Ambassador of Chile to Austria
- In office 1971–1973
- Preceded by: Miguel Serrano Fernández
- Succeeded by: Ramón Valdés Martínez

Personal details
- Born: 5 January 1916 La Estrella, Chile
- Died: 7 January 2003 (aged 87) Santiago, Chile
- Party: Radical Party
- Alma mater: University of Chile
- Profession: Lawyer and Diplomat

= Renato Gaona =

Chilean diplomat (1916–2003)

Guillermo Renato Gaona Acuña (5 January 1916 – 7 January 2003) was a Chilean lawyer, politician, and diplomat.

== Biography ==
Gaona Acuña was born in La Estrella, Colchagua Province, the son of Luis Gaona Cubillos and Ester Acuña Torres. He studied at the public school of La Estrella and later at the Instituto Zambrano and the La Salle Congregation in Santiago.

He graduated in law from the University of Chile and was admitted to the bar in 1953 with a thesis titled *Rapa Nui: Its History and Economic Potential*. His early legal work focused on property and agricultural legislation in central Chile.

== Political career ==
A member of the Radical Party of Chile, Gaona Acuña served as a Deputy in the Chamber of Deputies representing the 10th Departmental Grouping (San Fernando and Santa Cruz). He was elected for two consecutive legislative periods: 1957–1961 (XLIII Legislative Period) and 1961–1965 (XLIV Legislative Period).
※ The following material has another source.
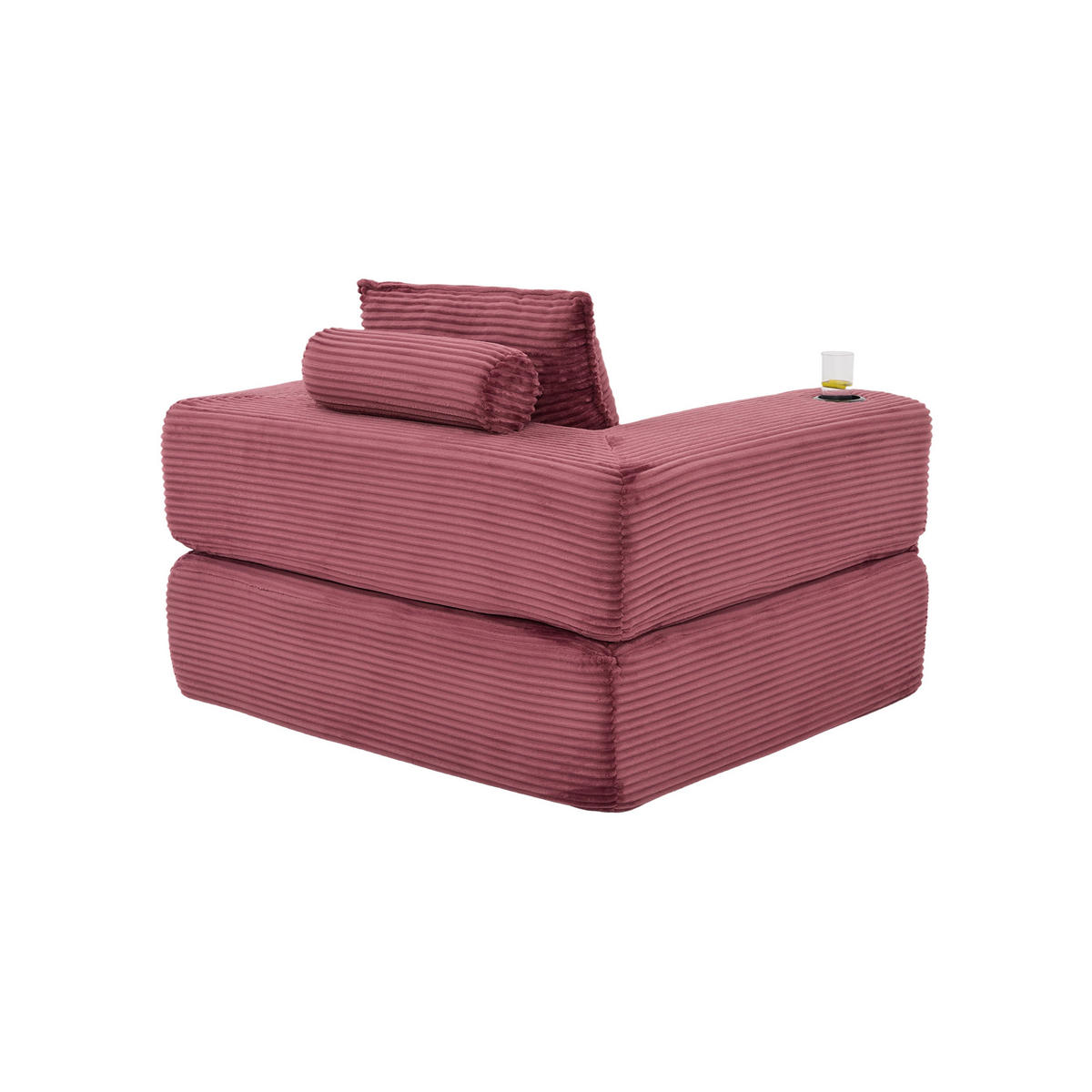 SCHLAFSOFA DE-33602 mit Federkern und Getränkehalter Weinrot - Weinrot, Textil (122/80/98cm) - ComfortXL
During his parliamentary career, he participated in debates on education, infrastructure, and regional development, emphasizing modernization policies for rural areas in the Colchagua Valley.

== Diplomatic service ==
After his parliamentary tenure, Gaona Acuña was appointed Ambassador of Chile to Austria between 1971 and 1973, during the administration of President Salvador Allende. He succeeded Miguel Serrano Fernández and represented Chile in Vienna until the 1973 coup d’état, when diplomatic appointments were suspended.

He died in Santiago on 7 January 2003.